Required Python3 packages:

• tabulate
• astroquery
• requests
• argparse

They can be installed using:

pip3 install -r requirements.txt

Usage

The script can be used to generate 4 different scenarios:

• planets_and_moons: all planets, dwarf planets, and named moons for which we could found mass specifications (177 bodies as of 2024-01-24).
• scenario1: all planets, dwarf planets, and named moons as well as all asteroids with a defined diameter and albedo, where the Main-belt Asteroids are additional constrained to have a diameter of at least 10km (19048 bodies as of 2024-01-24).
• scenario2: all planets, dwarf planets, and named moons as well as all as many asteroids such that the number of bodies is LIMIT - 1 (minus one to account for the Sun that isn't added by this script).
• full: all planets, dwarf planets, named moons, and asteroids queryable through NASA's databases (1345036 bodies as of 2024-01-24).

python3 query_data.py --help
usage: query_data [-h] -o OUTPUT [-s {planets_and_moons,scenario1,scenario2,full}] [-l LIMIT]

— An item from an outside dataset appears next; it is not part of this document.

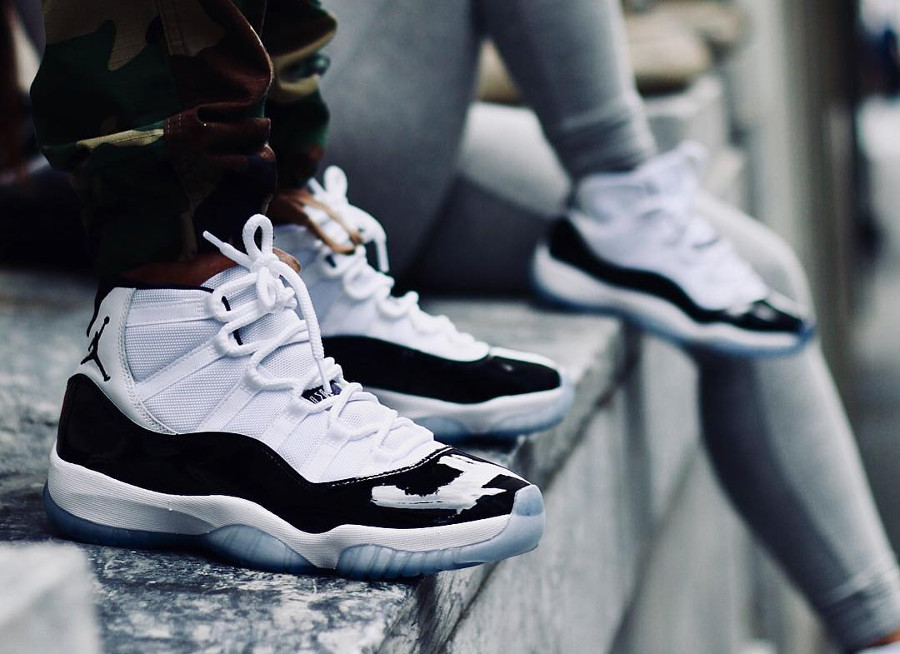 air jordan 11 concord on feet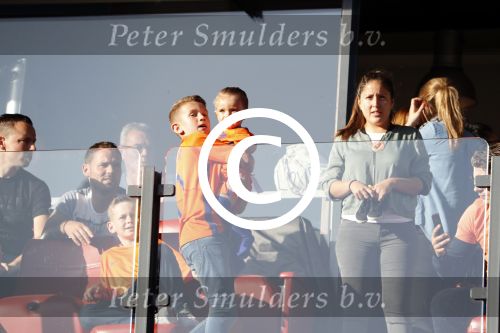 Rotterdam 9 juni 2017
Nederland - Luxemburg in de kuip . De wedstrijd dat Wesley Sneijder record international wordt en waar Ruud Gullit en Dick Advocaat voor het eerst bondscoach en assistent zijn. Yolanthe Sneijder Cabau zit op de tribune met zoons Jessey en Xess Xava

Query asteroid data from NASA's Small Body Database.

options:
  -h, --help            show this help message and exit
  -o OUTPUT, --output OUTPUT
                        the output filename containing the Keplerian Orbital Elements in CSV format
  -s {planets_and_moons,scenario1,scenario2,full}, --scenario {planets_and_moons,scenario1,scenario2,full}
                        the scenario used to create the output file
  -l LIMIT, --limit LIMIT
                        the upper limit of number of bodies for scenario2

The resulting csv file contains 14 columns:

e,a,i,om,w,ma,epoch,H,albedo,diameter,class,name,mass,central_body

• the six Keplerian orbital elements (required): the eccentricity e, the semi-major axis a (in AU), the inclination i (in rad), the longitude of the ascending node om (in rad), the argument of periapsis w (in rad), and the mean anomaly ma (in rad)
• the epoch (in JD) for which the Keplerian orbital elements are valid (required)
• physical quantities that can be used to approximate the body's mass (required, but may be 0.0!): the absolute magnitude H, the geometric albedo, and the diameter (in km)
• the mass (in kg) of the body (optional; if not given, approximated)
• the orbital class of the body (required; note that four custom (unofficial) classes where added for a better visualization)
• the IAU name of the body (required; may be empty)
• the central_body that the body orbits (optional; if not given, assumed to be the Sun/Sol)

Note: this script never adds the Sun/Sol to the data set since it isn't possible to represent its position using Keplerian orbital elements.